Pour plusieurs, voyage rime avec : plus vite on arrive à destination, mieux c’est. Même certains  » snow birds « , qui partent au soleil pour 6 mois, ne pensent qu’à arriver avant même de partir.

On peut faire le même parallèle avec le ski alpin et le vélo, pour nommer que ces deux.

Ça se dépêche à monter au sommet de la plus magnifique et grandiose montagne pour descendre le plus vite possible pour remonter au plus sacrant pour pouvoir redescendre au plus vite faire le plus de descentes possible pour amortir le coût du billet jusqu’à avoir l’impression que la journée n’a rien coûté… enfin, c’est l’impression que ça me donne.

Puis, y’a la gang à vélo qui roule en malade dans les plus beaux paysages ayant pour seul but que d’arriver à destination puis rebrousser chemin jusqu’au point de départ, et ce, dans le même temps.

Je veux ben croire qu’il faille un tel régime quand on s’entraîne pour les Olympiques, ou d’autres compétitions du genre, mais en dehors de ça, j’avoue, que j’ai de la misère à saisir le concept.

Il est où le plaisir, bordel ?

 » Ah ! je suis allée à New-York. On a visité 52 attractions ! Si la ville est belle ? Je ne sais pas. Si j’ai remarqué ceci ? Cela ? Euh…? Mais on a eu du plaisir dans l’autobus !  »
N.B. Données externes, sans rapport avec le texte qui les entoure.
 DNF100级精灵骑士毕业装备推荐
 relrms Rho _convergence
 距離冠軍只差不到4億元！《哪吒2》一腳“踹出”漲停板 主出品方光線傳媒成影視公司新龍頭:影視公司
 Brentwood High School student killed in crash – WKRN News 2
 » Les conditions étaient parfaites ! La vue époustouflante du côté sud ? Les animaux qui viennent nous saluer du côté nord ? Il faisait soleil ?  »
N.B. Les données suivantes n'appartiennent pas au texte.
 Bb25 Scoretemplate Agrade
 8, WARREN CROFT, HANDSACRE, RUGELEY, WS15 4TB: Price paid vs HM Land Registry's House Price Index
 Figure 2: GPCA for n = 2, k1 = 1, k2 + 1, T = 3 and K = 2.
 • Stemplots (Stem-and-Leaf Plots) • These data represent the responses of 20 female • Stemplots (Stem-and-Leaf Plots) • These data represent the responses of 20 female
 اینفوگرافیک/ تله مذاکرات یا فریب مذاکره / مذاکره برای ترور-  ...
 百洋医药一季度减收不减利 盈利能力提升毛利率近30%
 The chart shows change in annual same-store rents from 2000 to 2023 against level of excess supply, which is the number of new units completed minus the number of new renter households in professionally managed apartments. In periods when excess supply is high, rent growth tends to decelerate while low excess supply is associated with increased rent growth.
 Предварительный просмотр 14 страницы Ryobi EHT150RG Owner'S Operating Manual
 » On a battu notre record de vitesse ! L’océan longeait la route ? Non, on est pas allé manger chez Charlie. Les plus beaux couchés de soleil ? On est crevé. Et on a mal au cul !  »
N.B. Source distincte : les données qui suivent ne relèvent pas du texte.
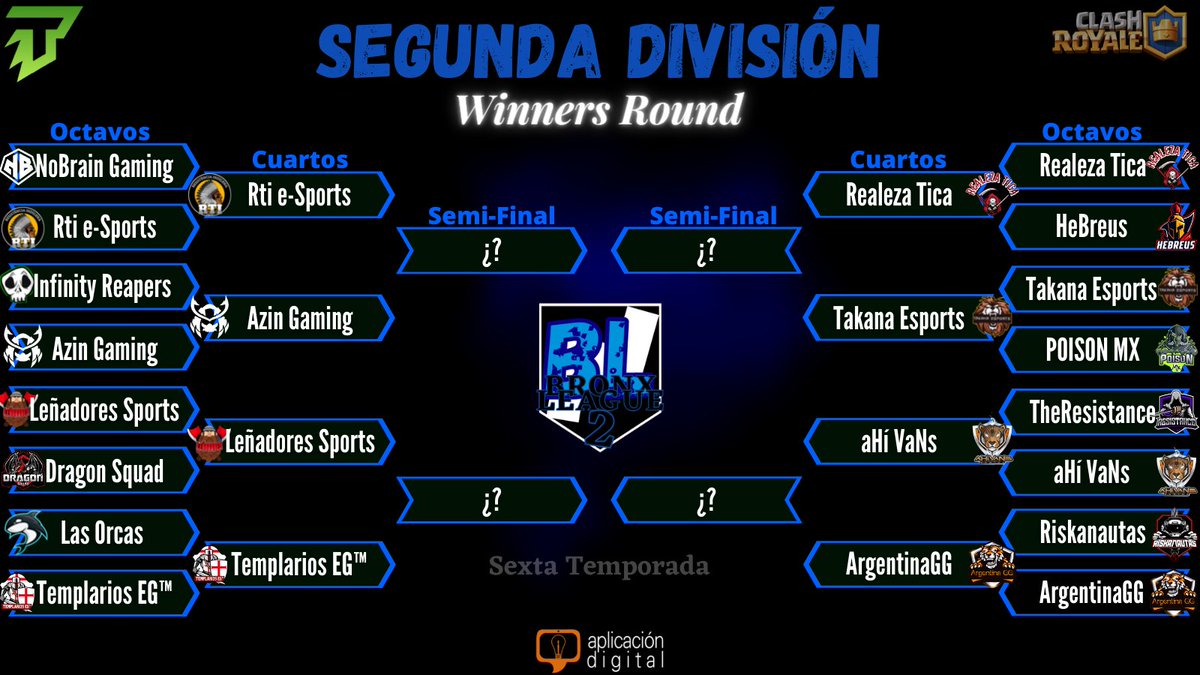 #SegundaBL | ¡¡La Segunda División va avanzando y demostrando de lo que son capaces!!

¿Quién es tu favorito para el ascenso?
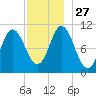 Winterport tide chart for Thursday, November 27, 2025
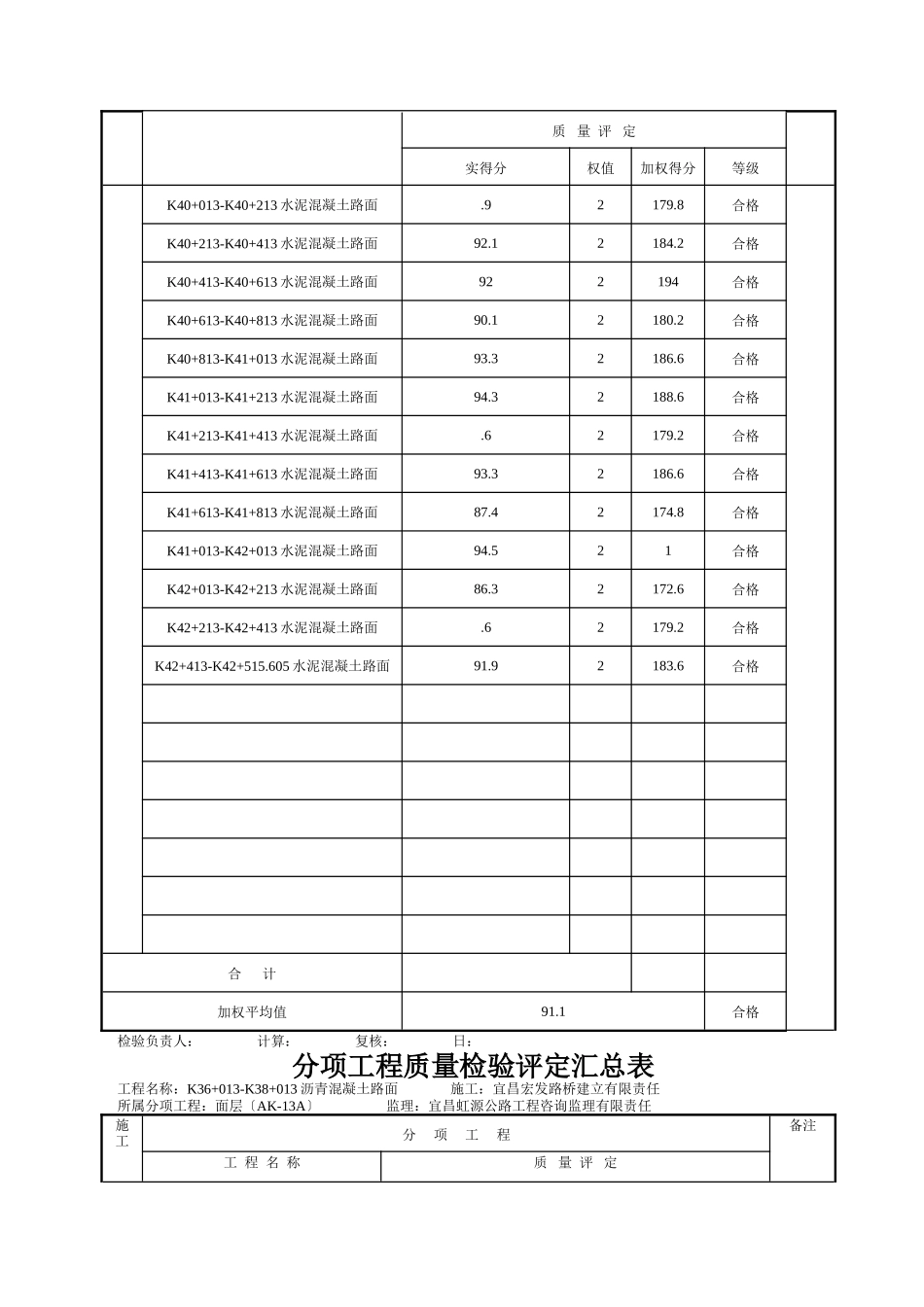 质量检验评定表_第3页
Long préambule, bien malgré moi, à cause de mes doigts qui se sont emballés sur le p’tit clavier de mon IPhone qui, en passant, n’a pas de guillemets français!, au rythme de ma pensée vagabonde.

Je voulais juste dire que, enfin, je crois, la destination est puérile dans tout. S’attarder qu’à elle m’apparaît être une grande privation, car ce sont ces petites choses, un sourire, un  » je connais cet endroit, vous allez adorer « , une pizza dans un fond de rang, un paysage à couper le souffle, entendre son propre souffle souffler de contentement, recevoir un merci pour avoir écouté… Toutes ces choses qui ne sont pas souvent à l’arrivé, surtout quand la tête est déjà pleine de sa prochaine destination.